### EXTRACTED DATA
..............................

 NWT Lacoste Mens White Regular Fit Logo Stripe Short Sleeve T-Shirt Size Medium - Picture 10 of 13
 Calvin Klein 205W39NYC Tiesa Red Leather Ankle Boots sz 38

..............................

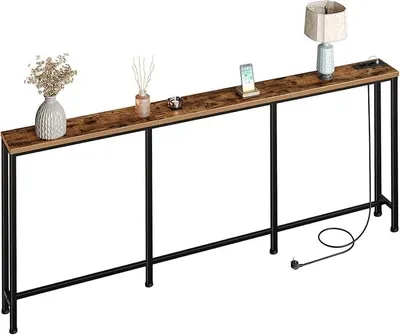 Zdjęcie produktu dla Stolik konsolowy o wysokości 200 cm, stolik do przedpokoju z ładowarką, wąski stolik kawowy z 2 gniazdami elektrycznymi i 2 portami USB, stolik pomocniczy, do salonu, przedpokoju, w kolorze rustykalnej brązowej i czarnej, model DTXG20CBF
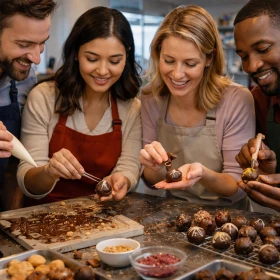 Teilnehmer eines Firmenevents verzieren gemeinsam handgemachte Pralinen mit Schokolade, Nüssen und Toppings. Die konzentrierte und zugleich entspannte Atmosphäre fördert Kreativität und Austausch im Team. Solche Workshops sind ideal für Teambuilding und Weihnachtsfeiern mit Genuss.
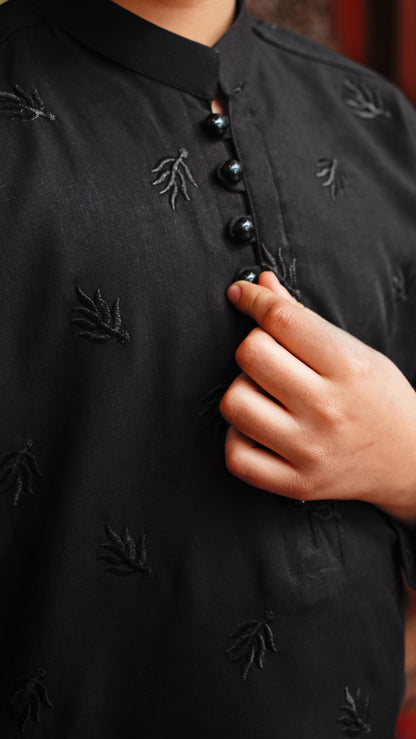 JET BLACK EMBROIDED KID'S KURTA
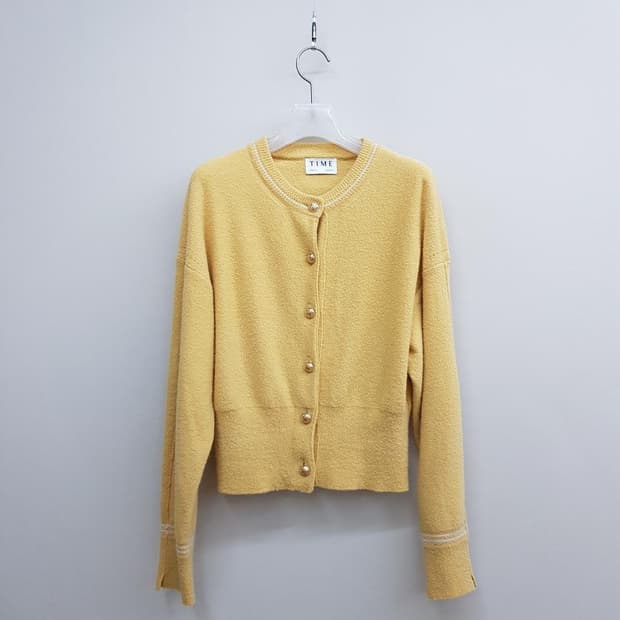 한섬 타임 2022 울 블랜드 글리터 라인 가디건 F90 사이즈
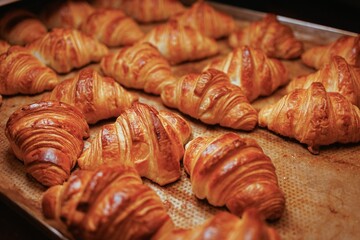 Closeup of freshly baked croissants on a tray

..............................

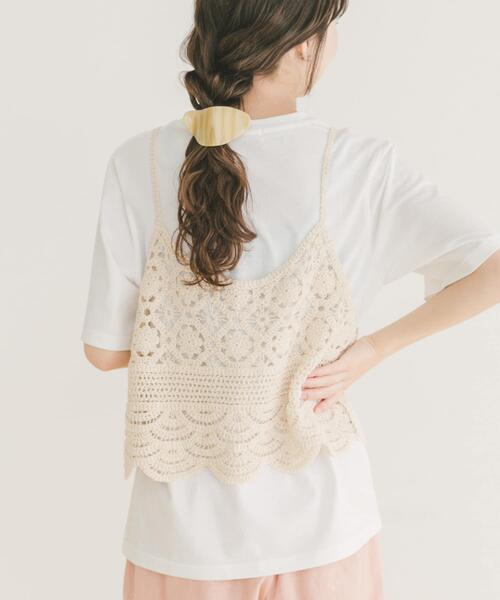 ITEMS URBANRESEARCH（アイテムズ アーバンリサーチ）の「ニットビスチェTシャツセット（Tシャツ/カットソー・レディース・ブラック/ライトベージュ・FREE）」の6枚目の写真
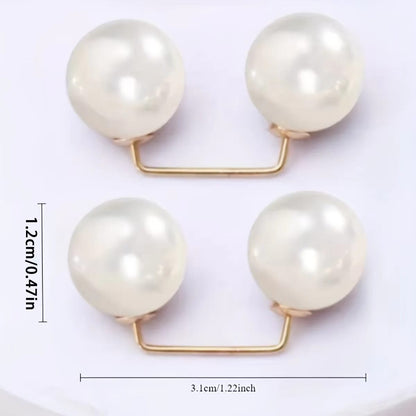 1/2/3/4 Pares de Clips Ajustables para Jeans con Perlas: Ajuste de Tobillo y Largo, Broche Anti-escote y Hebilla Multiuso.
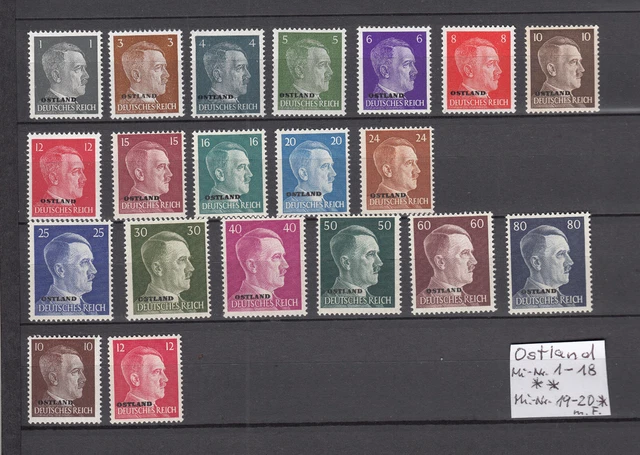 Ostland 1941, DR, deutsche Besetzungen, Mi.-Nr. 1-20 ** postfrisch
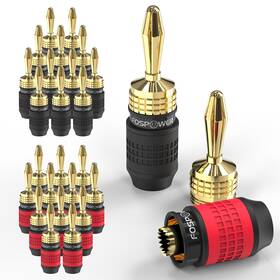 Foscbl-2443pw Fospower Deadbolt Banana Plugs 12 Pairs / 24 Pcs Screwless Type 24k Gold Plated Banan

..............................

### DIRECTIONS FOR THIS TASK
Look above for the line with "1/2/3/4 Pares de" and the line with "Foscbl-2443pw Fospower Deadbolt", then restate exactly those two lines and all lines between them, with no pictures.

### RESPONSE TO THIS EXERCISE
 1/2/3/4 Pares de Clips Ajustables para Jeans con Perlas: Ajuste de Tobillo y Largo, Broche Anti-escote y Hebilla Multiuso.
 Ostland 1941, DR, deutsche Besetzungen, Mi.-Nr. 1-20 ** postfrisch
 Foscbl-2443pw Fospower Deadbolt Banana Plugs 12 Pairs / 24 Pcs Screwless Type 24k Gold Plated Banan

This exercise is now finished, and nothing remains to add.